In the absence of costly professional therapeutic support available to children in LMICs [20], community-based interventions have been suggested. Existing studies on adolescent mental health interventions in LMICs have largely focused on either generic mental-health promotion for younger children in schools or psychological treatments for highly selected trauma-affected populations [21-22]. Despite 1 in 6 children in a number of LMICs being absent from education due to child labour, disability or exploitation [23], School-Based Interventions have been proposed to provide the basis for promoting the mental health of young people in LMIC [24] as they are one of the most important community settings, central to the lives of most young people in most LMICs [21-24]. The school setting provides a forum for promoting emotional and social competence as well as academic learning and offers a means of reaching the significant number of young people who experience mental health problems [23-24].
Educational opportunities throughout life are associated with improved mental health outcomes. The promotion of emotional health and wellbeing is a core feature of the WHO’s Health Promoting Schools initiative [25]. There is good evidence that mental health promotion programmes in schools, especially those adopting a whole school approach, lead to positive mental health, social and educational outcomes [23-25].
Furthermore, as far as the authors are aware, no research has investigated the teacher, parent and student narrative on mental health attitudes or learning disabilities in LMICs.
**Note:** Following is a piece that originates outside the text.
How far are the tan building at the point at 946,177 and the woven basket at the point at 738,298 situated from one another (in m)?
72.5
Programmes incorporating life skills, social and emotional learning, and early interventions to address emotional and behavioural problems, can improve academic performance [25-26]. However, to date there has been no known research on direct school-based mental-health interventions, and only for the mental health promotion of young people in LMIC settings.
Utilising schools as a sustainable solution to providing mental health intervention is not new: the UK has recently pledged to develop measures to enable teachers to have confidence and skills required to identify mental health issues in young people before they become critical [27], thus, reducing the costs of mental health in the UK. All new teachers in the UK will be trained to spot signs of mental health issues, backed up by statutory guidance to make clear the schools’ responsibilities to protect a child’s mental well-being. Accessing the expertise of teachers in this way is seen as sustainable and affordable [27].
Therefore, given the mental health demand is significantly higher in LMICs, it makes sense that LMICs should adopt a position whereby they can not only identify signs of mental health in young people, but they can provide affordable and sustainable early mental health intervention to prevent a mental health crisis.